Bilgi ve iletişimdeki hızlı ilerlemeler sonucunda ABD’den Çin’e, Amazondan Google kadar gelişmiş ülkeler ve global şirketler, insanlardan istedikleri bilgileri alabiliyor, devasa bilgisayarlara yükleyip, bu verileri kar amacıyla kullanabiliyorlar. Bütün bu faaliyetler son yirmi yılda ivme kazanarak, hızla yaygınlaşıyor. Finans oligarşinin aşırı karı için kullandığı bu sistem, aynı zamanda siber sosyalizmin alt yapısını da oluşturuyor.

Bilimsel teknolojik devrim, liberal ekonomistlerin göklere çıkardığı, arz ve talebi düzenleyen “gizli el” diye adlandırdıkları pazarı işlevsiz kılmakta; ekonominin ihtiyaç duyduğu telefon görevini ondan daha iyi gerçekleştiren “sanal Pazara” bırakmaktadır. Siber ekonomik modeller, üretici ve tüketici davranışlarını pazardan çok daha rasyonel saptayabilmekte ve verimli kullanabilmektedir. Teknolojik ilerlemedeki dev adımlar aynı zamanda siber sosyalist planlamanın çimentosunu hazırlamaktadır.
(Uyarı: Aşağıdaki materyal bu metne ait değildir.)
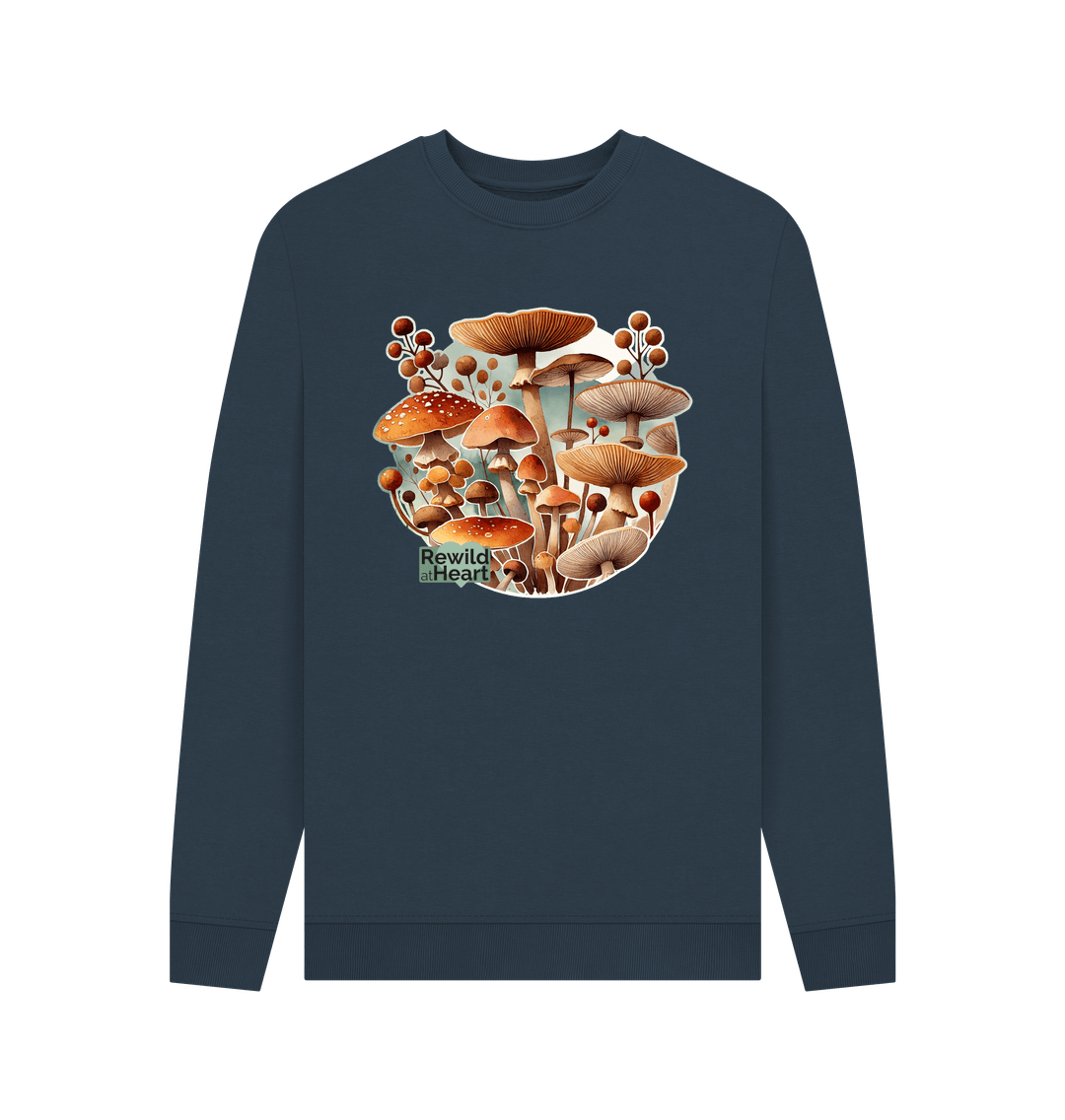 Navy Blue Printed Sweater Front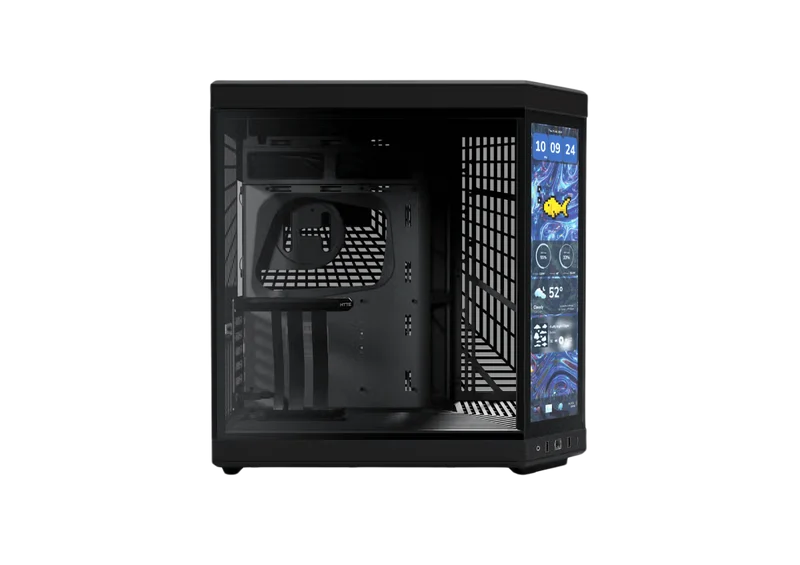 حافظة كمبيوتر هايت Y70 تاتش إنفينيت، ATX، مع شاشة لمس IPS مدمجة مقاس 14.5 بوصة، باللون الأسود الحالك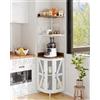 GarveeLife Armadio angolare per vino con presa elettrica, mobile bar in stile industriale con striscia LED e porta bicchieri, credenza in legno a 4 ripiani per la casa e piccoli spazi, porta a traliccio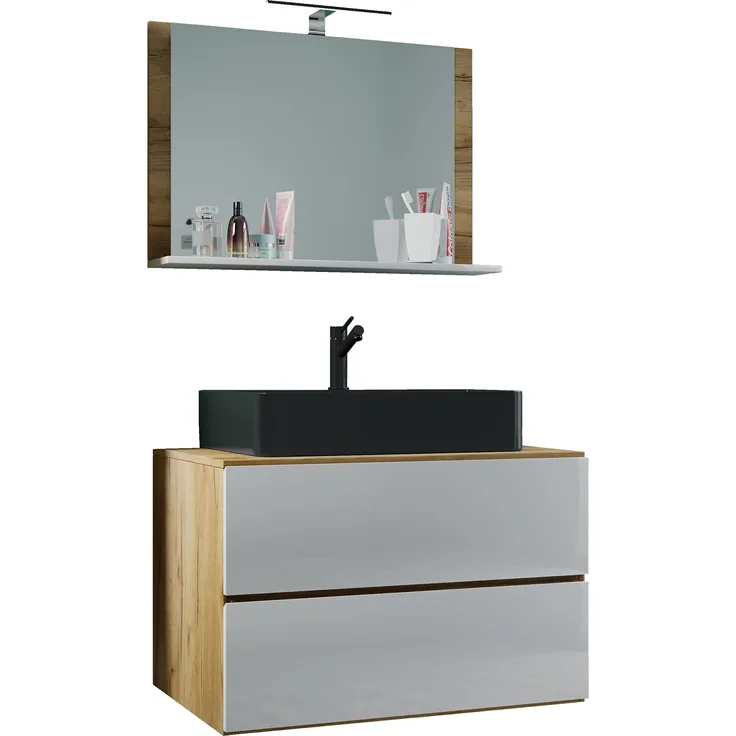VCM Badmöbel Waschtisch Lendas 915292 Honig-Eiche / Weiß H. 134 x B. 80 x T. 51 cm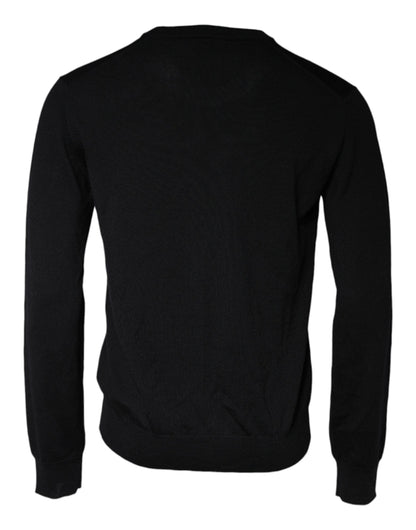 Schwarzer Pullover mit Rundhalsausschnitt aus Wollstrick von Dolce &amp; Gabbana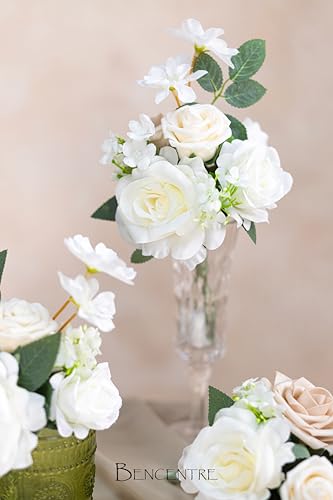 White and Sage Wedding Centerpieces Flowers Set of 6 Mini Bridesmaid Bouquets Posy Bouquet Pre-Made Wedding Flowers Centerpieces for Tables Artificial Flowers - color: White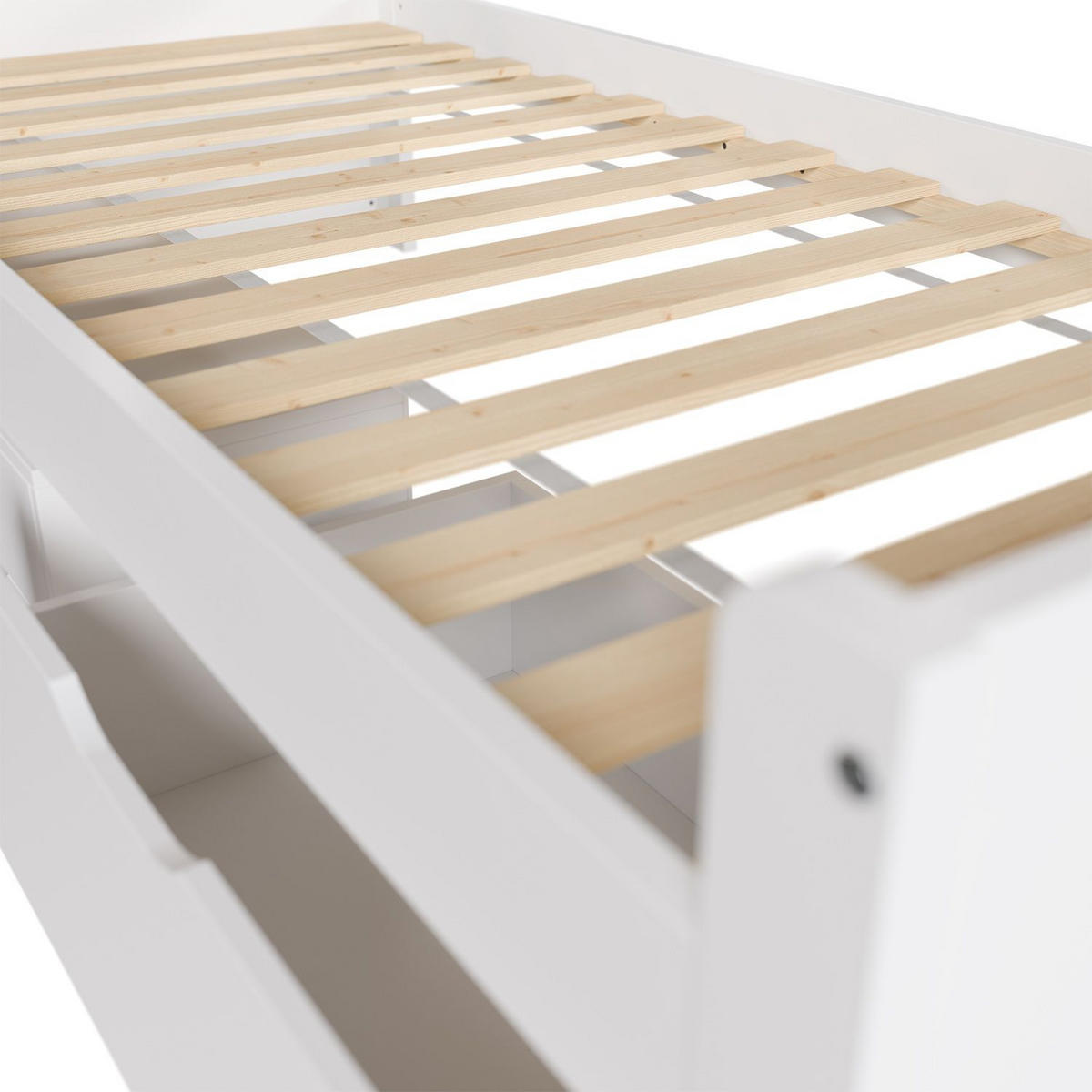 KINDER-FUNKTIONSBETT Nalu weiß 90x200 cm - Weiß, Holz (90/200cm) - Juskys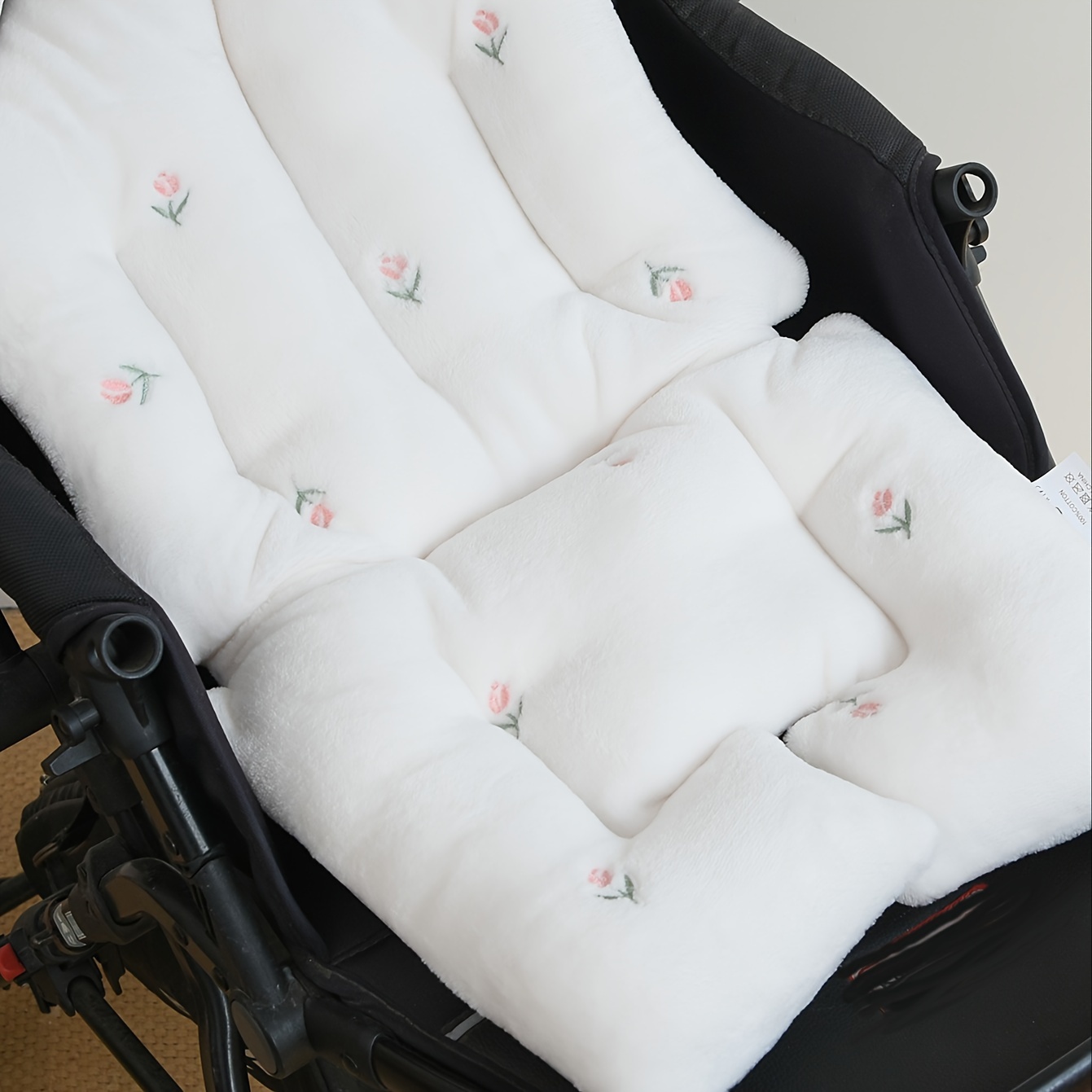 ultra soft plush stroller seat cushion for   embroidered     machine washable details 5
Ancak, kapitalist üretim ilişkilerinin sınırları içinde işlev gören sibernetik programlar aşırı karı arttırıyor, gelir dağılımında derin uçurumlar açıyor; krizleri, çevresel yıkımı, savaşları ve militarizmi tetiklemekte, toplumsal değişime engel oluşturuyor. Toplumsal değişimin ileriye doğru gidişini zorlayan üretim güçlerine karşı finans oligarşi bütün gücüyle dikilmekte, anti-kapitalist devrime giden yolu tıkamaktadır.

Sovyetler ve diğer ülkeler, günlük yaşamamıza giren ve kapitalizmi gerici konumlara iten bilimsel devrimi görmeden yıkıldılar. O zamanın üretim güçleri bürokratik merkezci planlamayı dayatmıştı. Logaritmik modellerle çalışan akıllı telefon ve bilgisayar ağlarına dayanan sosyalist planlama yoktu.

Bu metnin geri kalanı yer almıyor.